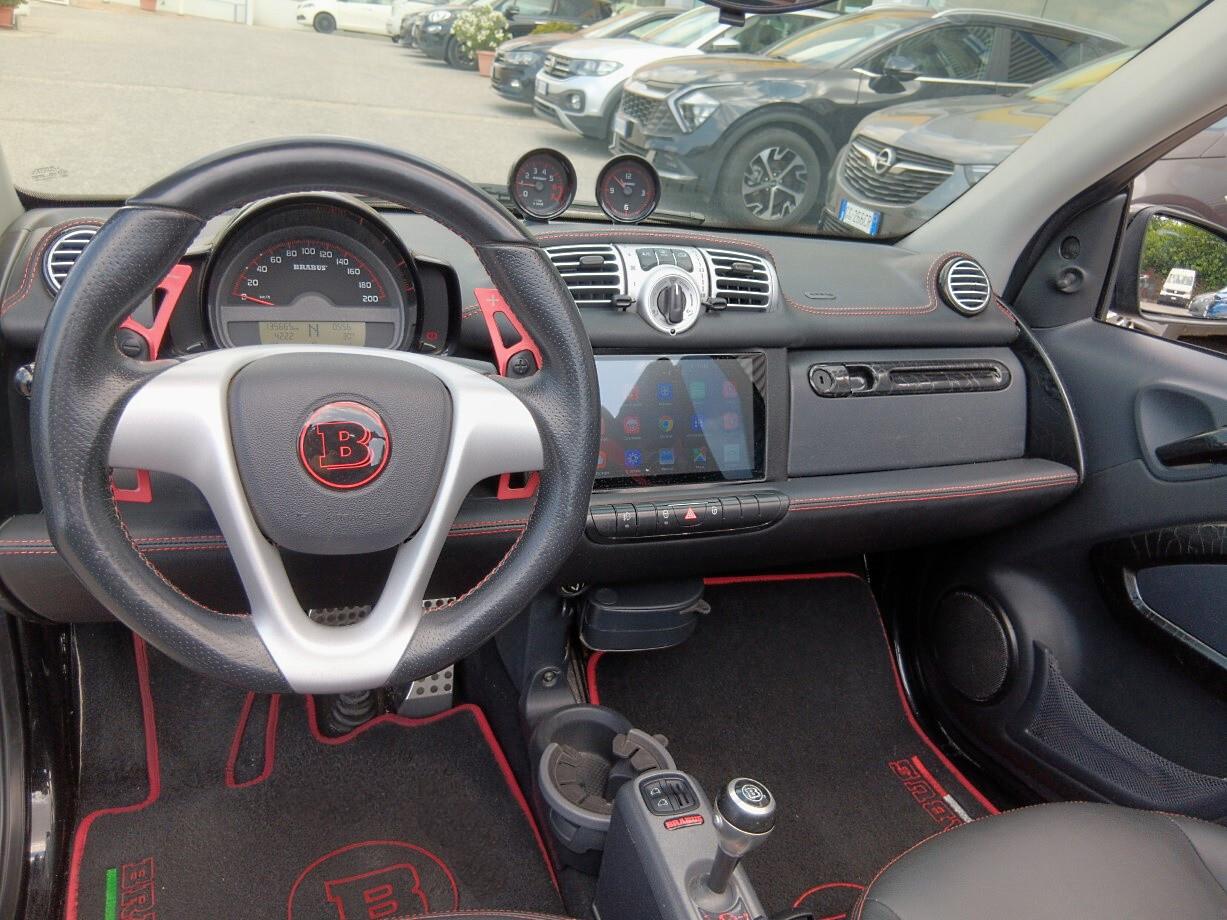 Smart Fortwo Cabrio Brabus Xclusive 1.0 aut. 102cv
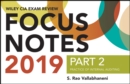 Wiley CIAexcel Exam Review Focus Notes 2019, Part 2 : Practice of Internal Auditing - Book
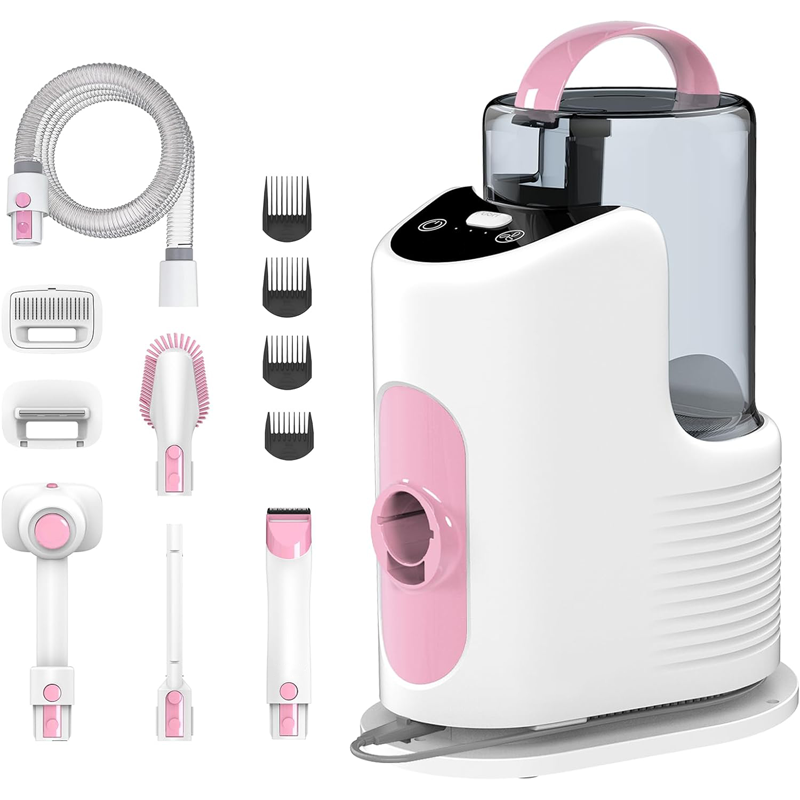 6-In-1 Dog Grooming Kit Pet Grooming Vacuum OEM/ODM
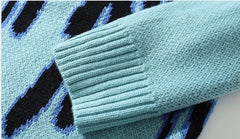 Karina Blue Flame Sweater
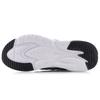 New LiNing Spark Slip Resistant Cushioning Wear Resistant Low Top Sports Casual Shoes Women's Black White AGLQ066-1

++++++++++++++++++++

* _The task_:
Only lines from the one holding "Wiley CIAexcel Exam" through the last line of the entries above are wanted, both ends included, each retyped exactly; no pictures.

* _Worked solution_:
 Wiley CIAexcel Exam Review Focus Notes 2019, Part 2 : Practice of Internal Auditing - Book
 6-In-1 Dog Grooming Kit Pet Grooming Vacuum OEM/ODM
 Karina Blue Flame Sweater
 New LiNing Spark Slip Resistant Cushioning Wear Resistant Low Top Sports Casual Shoes Women's Black White AGLQ066-1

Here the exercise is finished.